## Data to use:
▬▬▬

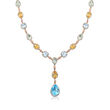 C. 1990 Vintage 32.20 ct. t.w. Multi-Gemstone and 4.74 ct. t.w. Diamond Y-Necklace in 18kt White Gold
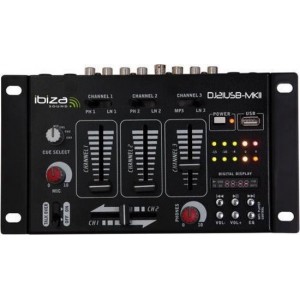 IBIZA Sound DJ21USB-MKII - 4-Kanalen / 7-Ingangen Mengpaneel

▬▬▬

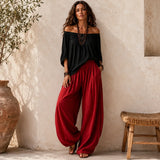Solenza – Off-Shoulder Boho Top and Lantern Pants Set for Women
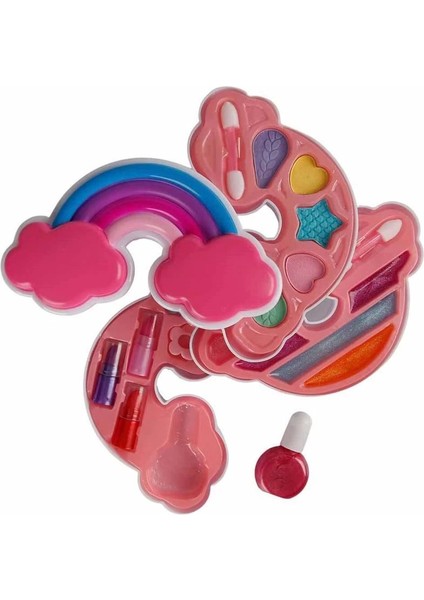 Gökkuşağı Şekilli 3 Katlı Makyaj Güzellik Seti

▬▬▬

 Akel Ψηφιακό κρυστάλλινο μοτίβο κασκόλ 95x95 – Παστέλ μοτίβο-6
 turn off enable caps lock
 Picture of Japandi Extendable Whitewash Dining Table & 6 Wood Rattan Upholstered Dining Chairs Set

▬▬▬

## Task details:
Transcribe the lines above exactly, beginning at the one with "C. 1990 Vintage" and ending at the one with "IBIZA Sound DJ21USB-MKII". Include both; exclude the pictures.

## Exercise solution:
 C. 1990 Vintage 32.20 ct. t.w. Multi-Gemstone and 4.74 ct. t.w. Diamond Y-Necklace in 18kt White Gold
 IBIZA Sound DJ21USB-MKII - 4-Kanalen / 7-Ingangen Mengpaneel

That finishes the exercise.